I discovered that it is very simple.
Whenever a religion grasped a certain amount of people,
the one thing they couldn't do is to take away their food.
Definitely not. The food is far too important.
They had to make up new festivities where people could eat well.
Then they added a certain symbol and a new tradition was created and went on.
For the system to function well it had to be constructed
with a view to natural cycles. No wonder nobody can declare
"strawberry-carnage" festival in December.
He would not do well as a messiah.
Now we see that when we look at it differently, it makes sense.
We can start asking: why pig-stickings and carnivals were in winter?
You already know the answer, I see I needn't tell you anything.
It is something that is coming back.
There was a time when people ate everything.
(They still do but have less money for it, thank god.)
Then people started to get more sentimental and turned to home cuisine again.
I experienced something like this in Greece
where figs lied about everywhere and nobody ate them.
I was really mad. Why don't they eat it?! Our people would pay fortune to eat those!
And I remembered the awe in Sahara when we unpacked our apples
which lie about everywhere here and nobody cares about them.
I have a few more points about
what a season is and how it relates to food...
and why our ancestors thought things out they way they did...
You probably get it already.
... the sequence of meals, the way we eat ...
Not because the gastronomic rules say so. Forget about them and forget about tradition.
But look for the meaning
whether we should like it because it is good and because it works.
When we understand how it works.
That's all. It is about the homecoming
not about national pride. It grows here, it falls from trees here
so we pick it up and eat it. That is all. That makes sense.

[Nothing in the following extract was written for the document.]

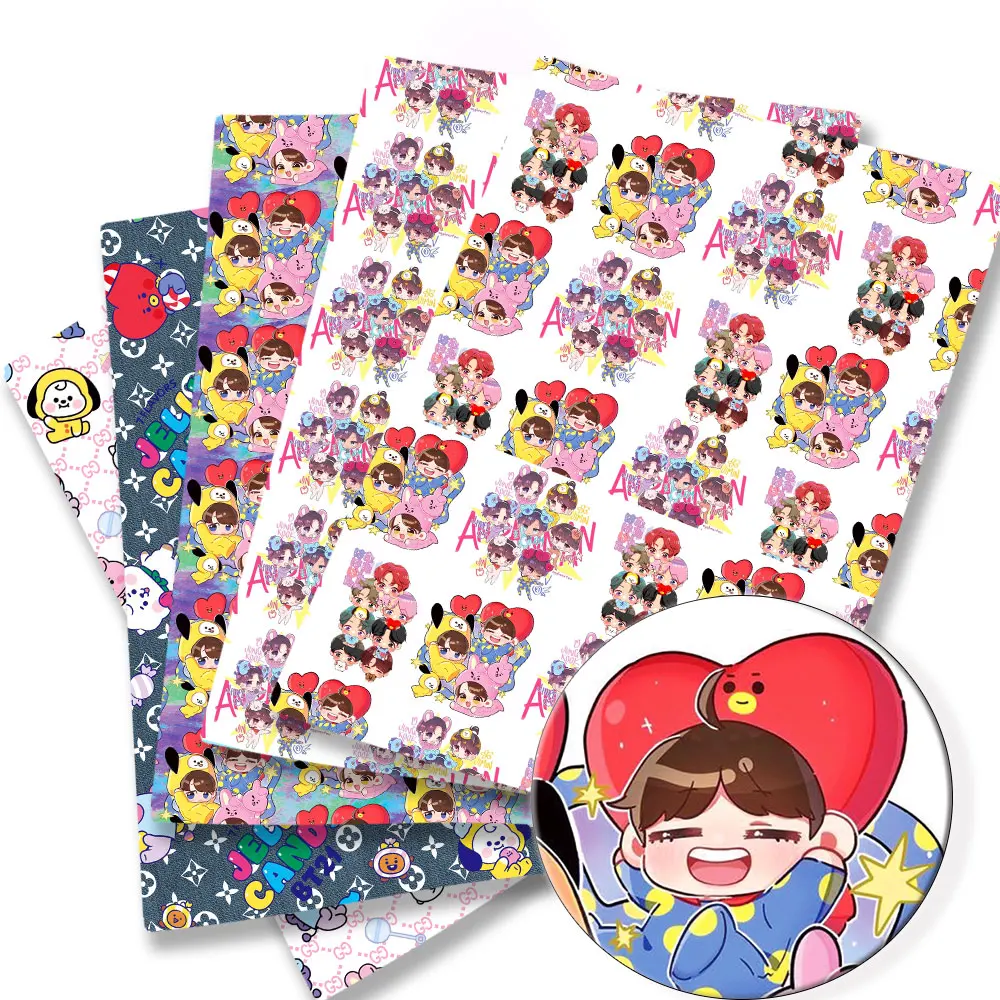 

Cartoon Fabric Hot DIY140*50cm Handmade Sewing Patchwork Quilting Baby Dress Home Sheet Printed Fabric Fabric Sewing Kids Fabric
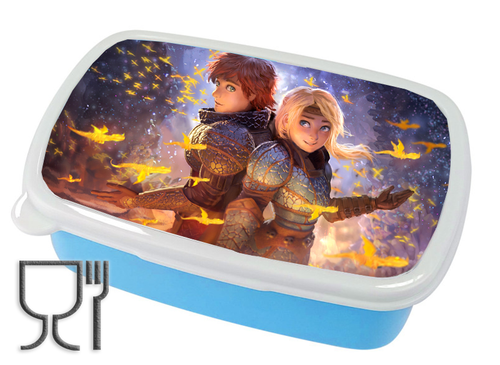 Pojemnik śniadaniowy Jak Wytresować Smoka na Arena.pl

In the same way conservation and food economy was based on
consumption of everything.
They slaughtered a pig, washed intestines and created sausages.
They put them into a pot and poured lard (from the same pig) onto it.
That was tinned meat. Sausages are primitively tinned meat.
Dried sausage lasts incredibly long even in room temperatures.
Nowadays it is a delicacy, it was tinned meat back then.
That was the way to conserve meat for months and months.
The salt, the spices, the garlic it all had this effect.
That is why they did that.
It was not like today, when someone buys a kilo of sausages
and eat them at once.
It had to last. They sliced it to soups e.g.
Meat was not available every day
It is nice to think about those things in this manner.
Why? What is the purpose? Why is it like this?
And learn to like it just because it is the way it is.
It is a trend of today.
That is the last thing I wanted to say: Trend can be full of nonsense
A lot of nonsense can become trendy and people are falling for it.
It is nice not to have the feeling that I do not want it because it is trendy
(it is popular, everybody stuff it, but I don't give a damn)
I think it would be good to use the fact that people are like this
and make a trend of a good thing for a change.
So, why not say:
"Tradition is not bad, let's look at it from a different perspective.
Let's use primitive, simple things to contrieve."